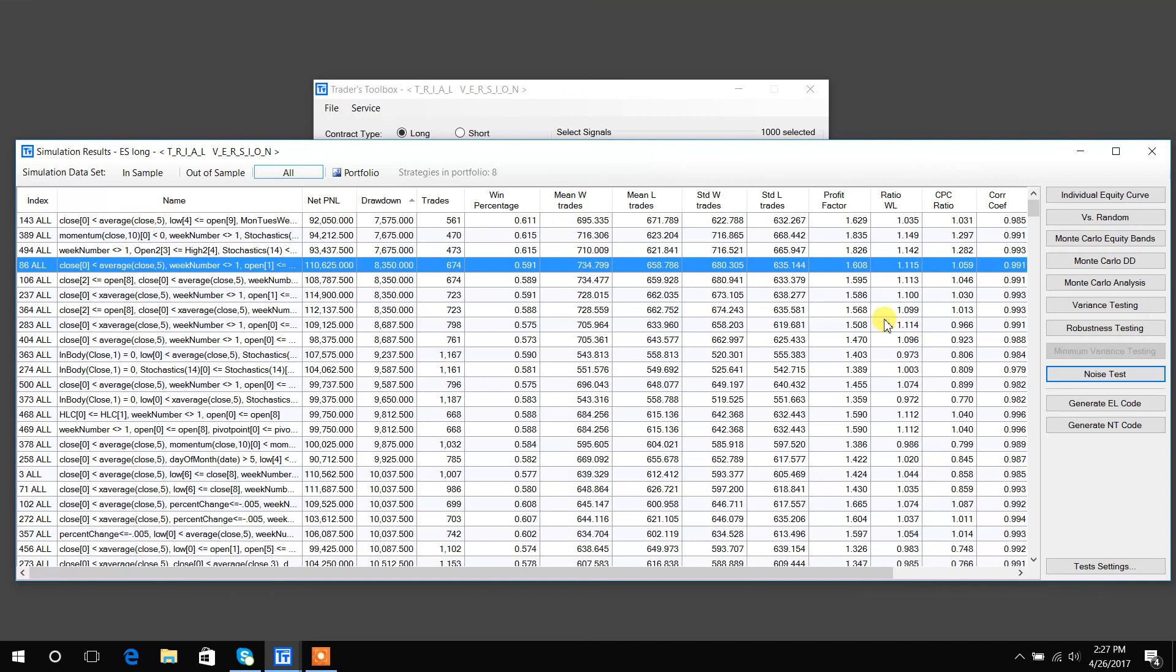And again, if you'd like the code for it, you just hit generate code and boom, there you go. Copy and paste it into your platform.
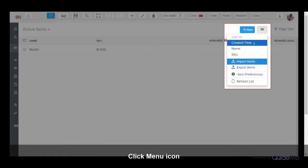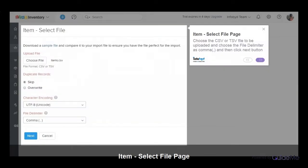Click on the menu icon and select Import Items option from the drop-down. Choose the CSV or TSV file to be uploaded and choose the file delimiter as comma and then click Next button.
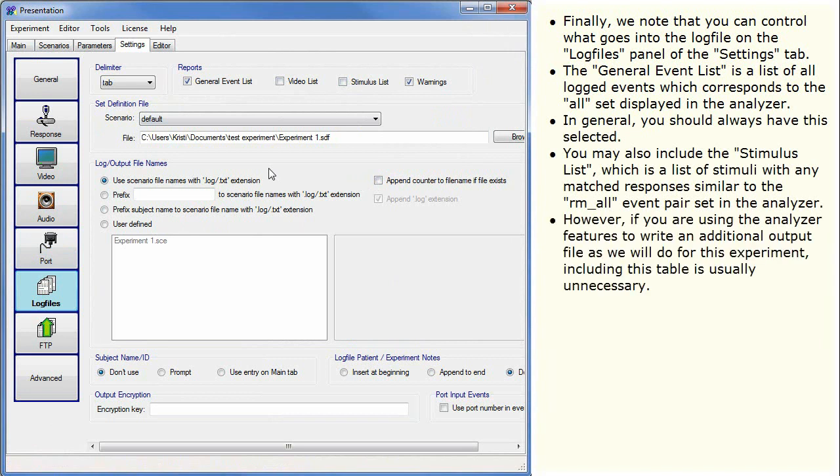However, if you are using the Analyzer features to write an additional output file, as we will do for this experiment, including this table is usually unnecessary.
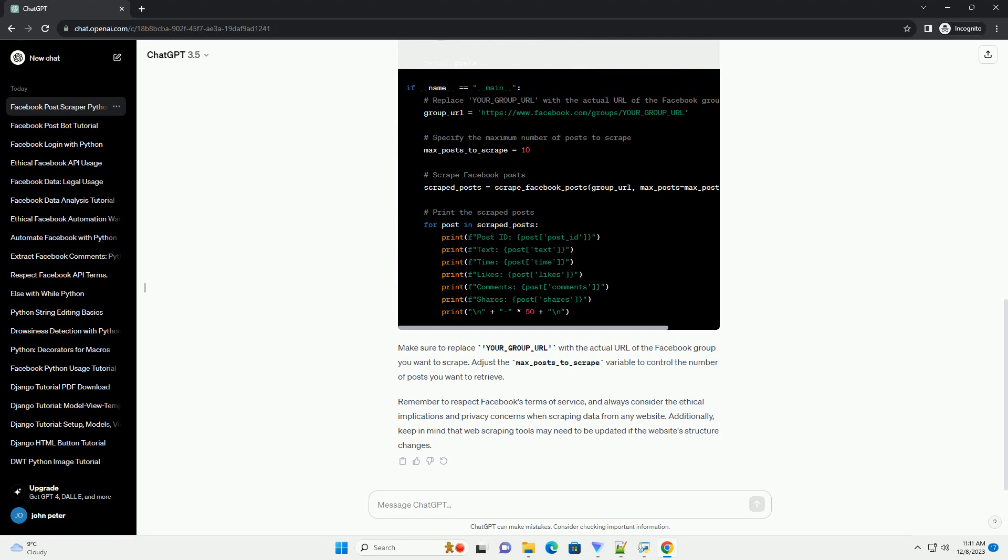Additionally, keep in mind that web scraping tools may need to be updated if the website's structure changes.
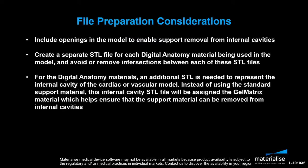To start, let's go over a few file preparation considerations for cardiac and vascular models. First, be sure to include openings in the model to enable support removal from internal cavities.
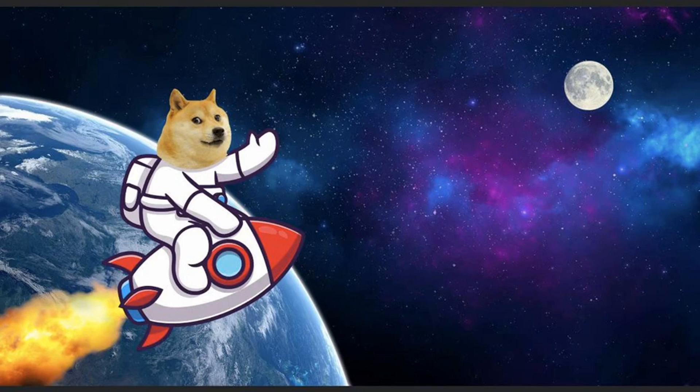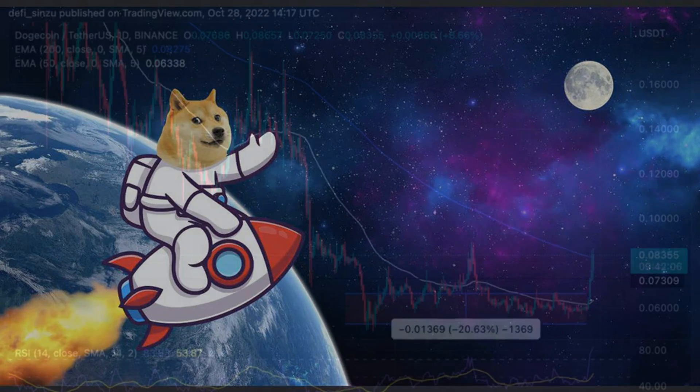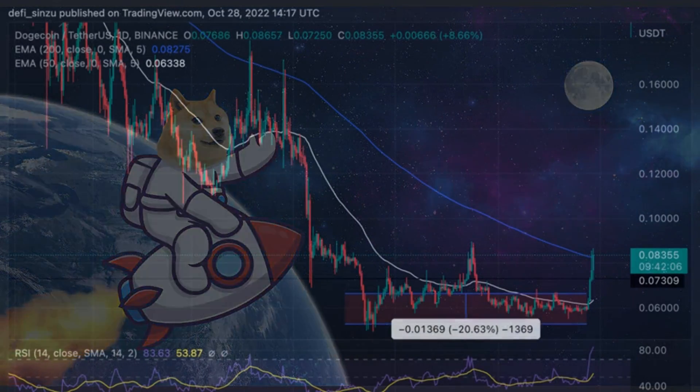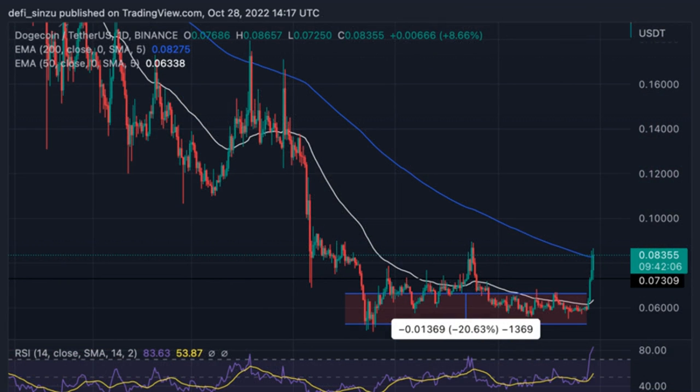Doge's price rallied from 5 cents to a region of $0.085 as the price aims to take the market by its horns. Data from Binance. Related reading: Ethereum price corrects but this level could trigger fresh increase. Dogecoin price analysis on the weekly chart:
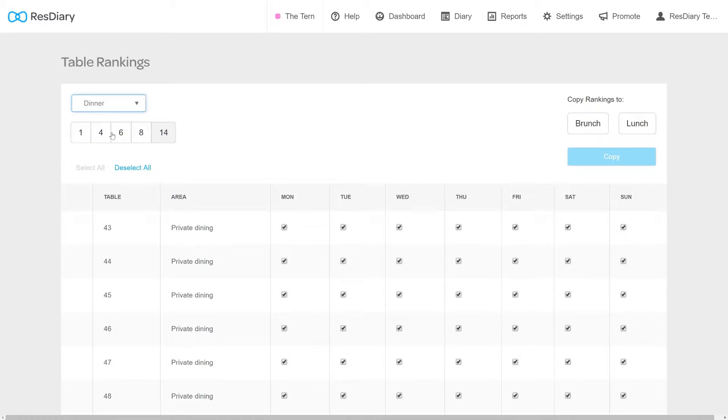In the top left, you will be able to select the service that you will be editing. Table Rankings can be varied by service, depending on how you run your business.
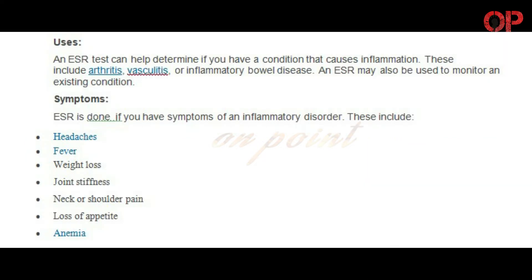An ESR test can help determine if you have a condition that causes inflammation. These include arthritis, vasculitis, or inflammatory bowel disease. An ESR may also be used to monitor an existing condition.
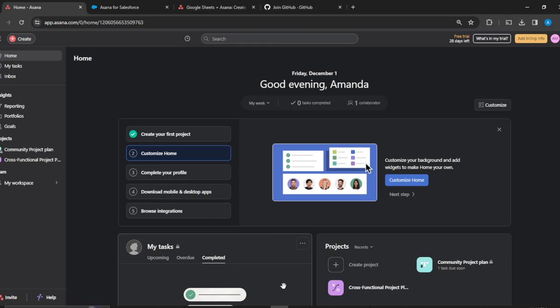Once you're done doing that successfully, it's going to take you to this fantastic home page where you can explore a lot of features. Now that we're here, let's hop into today's task, which is how to add guests in Asana.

+ + + +

◆ **Problem to work on**: Any picture among the entries must be skipped; copy all else exactly.

◆ **Task response**:
And again, if you'd like the code for it, you just hit generate code and boom, there you go. Copy and paste it into your platform.
Click on the menu icon and select Import Items option from the drop-down. Choose the CSV or TSV file to be uploaded and choose the file delimiter as comma and then click Next button.
However, if you are using the Analyzer features to write an additional output file, as we will do for this experiment, including this table is usually unnecessary.
Additionally, keep in mind that web scraping tools may need to be updated if the website's structure changes.
To start, let's go over a few file preparation considerations for cardiac and vascular models. First, be sure to include openings in the model to enable support removal from internal cavities.
Doge's price rallied from 5 cents to a region of $0.085 as the price aims to take the market by its horns. Data from Binance. Related reading: Ethereum price corrects but this level could trigger fresh increase. Dogecoin price analysis on the weekly chart:
In the top left, you will be able to select the service that you will be editing. Table Rankings can be varied by service, depending on how you run your business.
An ESR test can help determine if you have a condition that causes inflammation. These include arthritis, vasculitis, or inflammatory bowel disease. An ESR may also be used to monitor an existing condition.
Once you're done doing that successfully, it's going to take you to this fantastic home page where you can explore a lot of features. Now that we're here, let's hop into today's task, which is how to add guests in Asana.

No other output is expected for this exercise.